On the face of it, it doesn't sound fair, but I have a few questions:

  1. do your shared children get to eat the treats when the DSC have them?

  2. could you afford to buy that stuff all of the time, rather than just when you have all of the children there?

  3. if you did buy it all of the time, would your children actually consume enough for it to be worth it?

I can see an argument that if you can only afford treats some of the time, then it makes sense to get them in when all of the family's children will be there. I get nice snacks and treats in when DS1 is coming home from uni, for example. If he's not letting your shared DC have any, that's different of course.

HeyBlaby · 23/01/2022 19:32

Depends on the age of your child.

RightOnTheEdge · 23/01/2022 19:36

There was a thread on here the other day where the OP was complaining that her dp/dh had spent a fortune on the dsc's birthday and a big party but then had contributed nothing to the shared dc's birthday because he had overspent and not saved any money for them.
I think you need to have a word and nip this in the bud now.

OneSolitaryCornflake · 23/01/2022 19:37

1) do your shared children get to eat the treats when the DSC have them? not all of them as DC is only 2.

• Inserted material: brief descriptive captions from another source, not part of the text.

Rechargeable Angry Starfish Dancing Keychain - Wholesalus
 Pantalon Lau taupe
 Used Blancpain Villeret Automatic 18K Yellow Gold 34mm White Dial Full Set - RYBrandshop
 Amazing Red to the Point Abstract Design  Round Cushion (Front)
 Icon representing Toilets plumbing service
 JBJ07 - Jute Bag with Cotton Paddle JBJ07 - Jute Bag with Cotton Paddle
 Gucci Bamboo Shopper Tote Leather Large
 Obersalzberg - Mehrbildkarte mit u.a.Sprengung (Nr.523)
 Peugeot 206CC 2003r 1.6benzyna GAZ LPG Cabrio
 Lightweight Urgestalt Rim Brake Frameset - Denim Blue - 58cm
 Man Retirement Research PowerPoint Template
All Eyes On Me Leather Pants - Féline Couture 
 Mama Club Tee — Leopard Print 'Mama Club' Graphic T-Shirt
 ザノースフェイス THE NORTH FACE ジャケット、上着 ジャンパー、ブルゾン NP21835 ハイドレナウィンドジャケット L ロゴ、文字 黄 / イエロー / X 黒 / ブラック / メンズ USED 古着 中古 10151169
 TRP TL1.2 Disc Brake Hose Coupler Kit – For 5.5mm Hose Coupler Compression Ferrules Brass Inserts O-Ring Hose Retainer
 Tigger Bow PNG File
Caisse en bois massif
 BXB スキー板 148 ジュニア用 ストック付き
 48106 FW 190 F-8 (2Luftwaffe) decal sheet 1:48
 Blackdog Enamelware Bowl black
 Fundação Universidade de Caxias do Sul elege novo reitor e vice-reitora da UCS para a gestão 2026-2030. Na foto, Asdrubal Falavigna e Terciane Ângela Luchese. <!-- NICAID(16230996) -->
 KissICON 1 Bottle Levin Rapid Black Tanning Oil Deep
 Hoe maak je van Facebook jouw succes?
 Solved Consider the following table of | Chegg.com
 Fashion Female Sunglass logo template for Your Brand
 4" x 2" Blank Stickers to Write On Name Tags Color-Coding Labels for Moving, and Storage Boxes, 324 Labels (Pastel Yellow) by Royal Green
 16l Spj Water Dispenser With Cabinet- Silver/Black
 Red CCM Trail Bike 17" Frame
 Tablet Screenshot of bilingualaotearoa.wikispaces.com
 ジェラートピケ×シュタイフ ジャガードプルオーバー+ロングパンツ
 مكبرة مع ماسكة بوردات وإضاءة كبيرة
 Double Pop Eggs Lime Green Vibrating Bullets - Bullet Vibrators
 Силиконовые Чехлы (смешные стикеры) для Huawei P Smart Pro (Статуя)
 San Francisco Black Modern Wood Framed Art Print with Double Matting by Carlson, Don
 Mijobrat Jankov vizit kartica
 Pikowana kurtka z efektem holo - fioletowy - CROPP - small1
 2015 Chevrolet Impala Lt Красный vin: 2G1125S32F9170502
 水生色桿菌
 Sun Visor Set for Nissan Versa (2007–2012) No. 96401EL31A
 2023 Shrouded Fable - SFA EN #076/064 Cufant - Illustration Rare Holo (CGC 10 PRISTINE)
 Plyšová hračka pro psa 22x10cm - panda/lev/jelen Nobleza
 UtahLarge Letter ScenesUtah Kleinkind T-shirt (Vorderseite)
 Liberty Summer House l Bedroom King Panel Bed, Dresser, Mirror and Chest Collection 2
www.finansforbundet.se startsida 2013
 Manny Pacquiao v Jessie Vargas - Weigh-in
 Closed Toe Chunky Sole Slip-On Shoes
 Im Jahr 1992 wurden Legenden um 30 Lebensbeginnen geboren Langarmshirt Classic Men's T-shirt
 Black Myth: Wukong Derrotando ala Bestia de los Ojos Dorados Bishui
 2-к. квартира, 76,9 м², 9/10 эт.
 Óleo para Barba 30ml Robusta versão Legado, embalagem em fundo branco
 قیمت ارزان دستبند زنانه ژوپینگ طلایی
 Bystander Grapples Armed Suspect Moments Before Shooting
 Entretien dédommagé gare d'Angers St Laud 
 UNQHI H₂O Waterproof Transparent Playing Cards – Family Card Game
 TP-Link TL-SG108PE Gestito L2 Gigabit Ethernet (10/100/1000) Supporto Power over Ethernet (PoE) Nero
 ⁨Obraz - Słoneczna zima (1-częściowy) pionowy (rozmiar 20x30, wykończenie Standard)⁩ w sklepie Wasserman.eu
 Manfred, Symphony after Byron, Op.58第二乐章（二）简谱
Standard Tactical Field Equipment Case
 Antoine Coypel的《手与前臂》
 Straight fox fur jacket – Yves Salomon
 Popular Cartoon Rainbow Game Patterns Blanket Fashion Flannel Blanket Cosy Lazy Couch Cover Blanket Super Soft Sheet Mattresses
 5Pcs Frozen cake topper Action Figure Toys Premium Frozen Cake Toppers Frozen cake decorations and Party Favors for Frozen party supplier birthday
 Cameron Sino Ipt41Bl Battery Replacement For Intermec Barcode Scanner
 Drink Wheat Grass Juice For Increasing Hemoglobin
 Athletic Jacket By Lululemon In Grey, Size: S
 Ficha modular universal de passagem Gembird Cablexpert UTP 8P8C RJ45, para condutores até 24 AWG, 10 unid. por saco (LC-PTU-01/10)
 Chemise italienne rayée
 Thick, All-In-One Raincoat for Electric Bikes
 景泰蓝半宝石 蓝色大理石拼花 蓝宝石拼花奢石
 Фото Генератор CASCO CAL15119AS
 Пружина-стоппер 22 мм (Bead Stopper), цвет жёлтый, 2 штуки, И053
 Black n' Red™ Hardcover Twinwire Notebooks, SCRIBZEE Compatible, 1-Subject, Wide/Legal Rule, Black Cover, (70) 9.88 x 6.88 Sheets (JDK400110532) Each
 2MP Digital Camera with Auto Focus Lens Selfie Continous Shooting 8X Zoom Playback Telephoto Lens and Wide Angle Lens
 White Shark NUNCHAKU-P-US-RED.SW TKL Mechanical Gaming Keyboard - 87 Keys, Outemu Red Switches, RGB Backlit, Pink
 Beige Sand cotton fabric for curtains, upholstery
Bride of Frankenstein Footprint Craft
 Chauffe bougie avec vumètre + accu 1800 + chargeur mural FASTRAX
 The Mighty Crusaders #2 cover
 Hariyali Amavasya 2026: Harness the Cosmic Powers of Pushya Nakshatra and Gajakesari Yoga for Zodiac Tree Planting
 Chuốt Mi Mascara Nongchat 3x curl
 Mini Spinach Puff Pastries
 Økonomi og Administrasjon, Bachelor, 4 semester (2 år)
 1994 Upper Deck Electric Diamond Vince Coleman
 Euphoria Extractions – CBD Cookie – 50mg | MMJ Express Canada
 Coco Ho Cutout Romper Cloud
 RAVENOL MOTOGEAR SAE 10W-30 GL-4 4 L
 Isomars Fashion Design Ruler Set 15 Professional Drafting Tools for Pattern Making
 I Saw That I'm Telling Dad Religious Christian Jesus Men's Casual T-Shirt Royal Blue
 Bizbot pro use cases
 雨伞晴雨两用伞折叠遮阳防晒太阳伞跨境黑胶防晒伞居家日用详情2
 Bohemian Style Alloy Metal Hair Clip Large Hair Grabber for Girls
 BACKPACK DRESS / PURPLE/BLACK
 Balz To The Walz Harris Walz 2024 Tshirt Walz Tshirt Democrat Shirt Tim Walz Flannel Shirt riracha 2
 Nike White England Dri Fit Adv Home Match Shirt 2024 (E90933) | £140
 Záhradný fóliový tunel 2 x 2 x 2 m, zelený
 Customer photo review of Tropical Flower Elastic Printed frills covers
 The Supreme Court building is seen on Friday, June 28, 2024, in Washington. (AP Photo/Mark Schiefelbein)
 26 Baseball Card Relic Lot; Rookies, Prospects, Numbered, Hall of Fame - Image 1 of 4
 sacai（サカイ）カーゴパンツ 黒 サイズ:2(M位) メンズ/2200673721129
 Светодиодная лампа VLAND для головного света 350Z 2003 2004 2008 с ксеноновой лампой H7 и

2) could you afford to buy that stuff all of the time, rather than just when you have all of the children there? only if we got a bit less when they were here. Like I'm thinking do they need so many treats? They could have less and then that way we can have little treats when they aren't here and spread them out.

3) if you did buy it all of the time, would your children actually consume enough for it to be worth it? some of it, we could buy less and spread it over the two weeks rather than a buy everything all when they are here for the weekend and then find some of it ends up going to mums for them to eat at school.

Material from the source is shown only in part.